Hey guys, been looking online for recipes and just about everything I see that looks good has dates in it, I'm assuming in part because it helps keep them all together. Does anyone know a good replacement to dates as I can't stand the taste of them 

Also most of the recipes including the ones above call for all natural peanut butter, any idea what type of store might sell this as I don't think I've ever seen it in a supermarket, is it something I can maybe make myself?


----------



## MustG0Faster (Aug 27, 2012)

Riley-NZL said:


> ...natural peanut butter, any idea what type of store might sell this...is it something I can maybe make myself?


Just as some stores have coffee grinders in the coffee section, some offer nut grinders where you can grind as much or as little peanuts into peanut butter as you want.

I just put peanuts into the food processor and turn it on...within a few minutes you have peanut butter. It's that easy. I've done the same with almonds (to make almond butter) or cashews (to make cashew butter). No other ingredients other than the nuts are necessary.
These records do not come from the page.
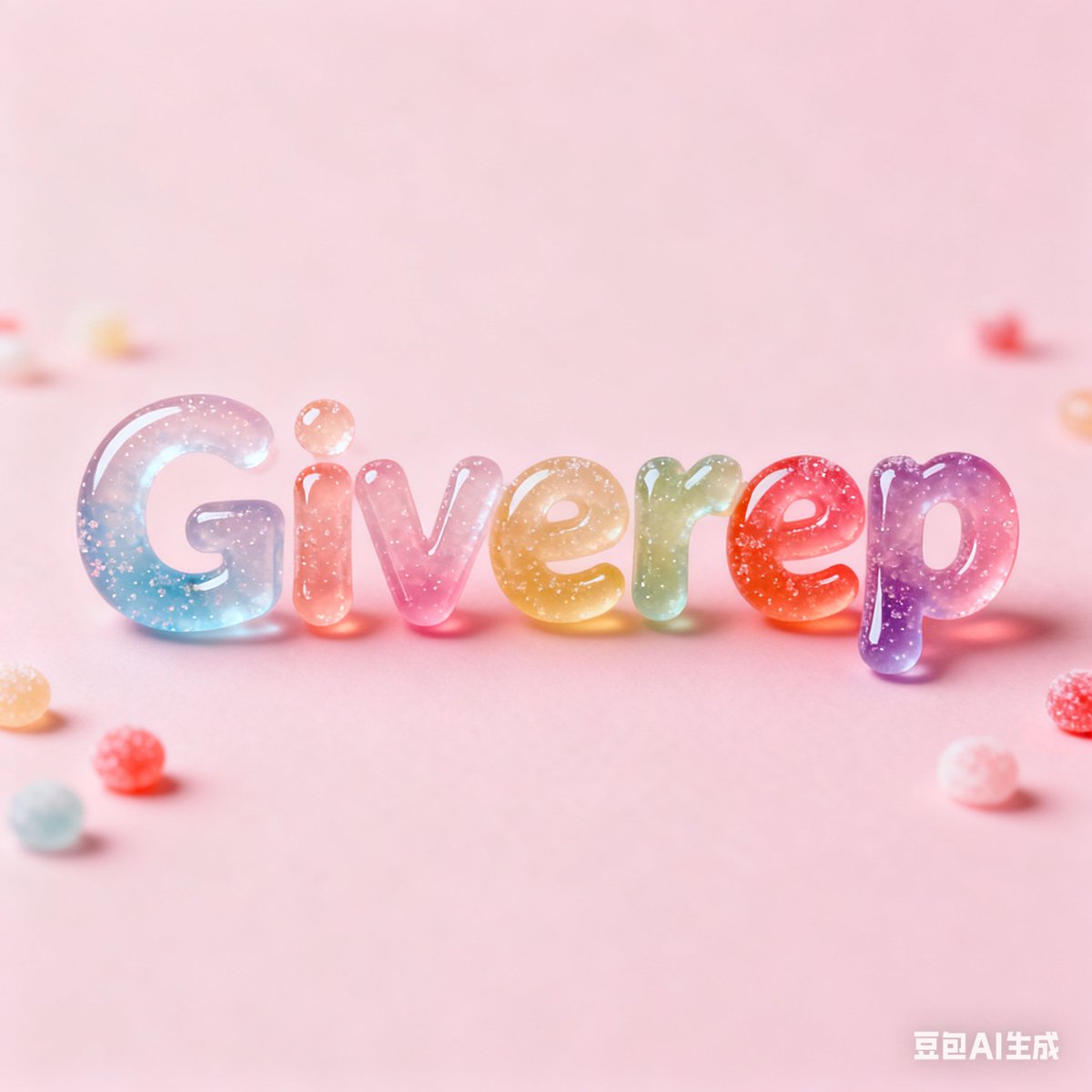 Oggay Prakoso tweet media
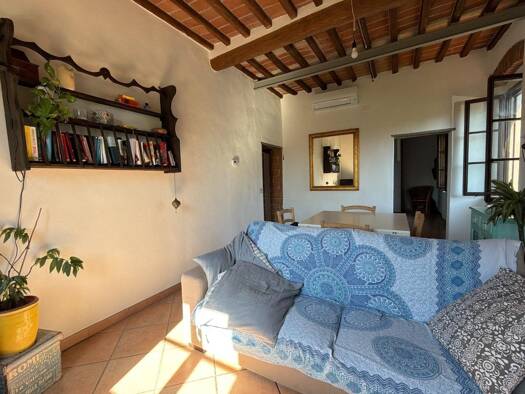 Haus zum Kauf 179.000 € 135 m² Casciana Terme Lari 56035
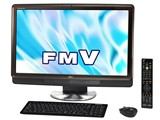 FMV-DESKPOWER F/G90D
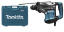 Afbeeldingen van Makita Combihamer HR3210C - 230v 850Watt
If you do choose to make them yourself at home, buy the unsalted nuts and then roast them for a few minutes on a sheet in the oven. Getting them up to temperature makes the grinding process much quicker.


----------



## dirtrider6 (Dec 23, 2009)

Riley-NZL said:


> . Does anyone know a good replacement to dates as I can't stand the taste of them
> 
> I don't think I've ever seen it in a supermarket?


I use dried cranberries
Wegmans sells the all Natural Peanut Butter


----------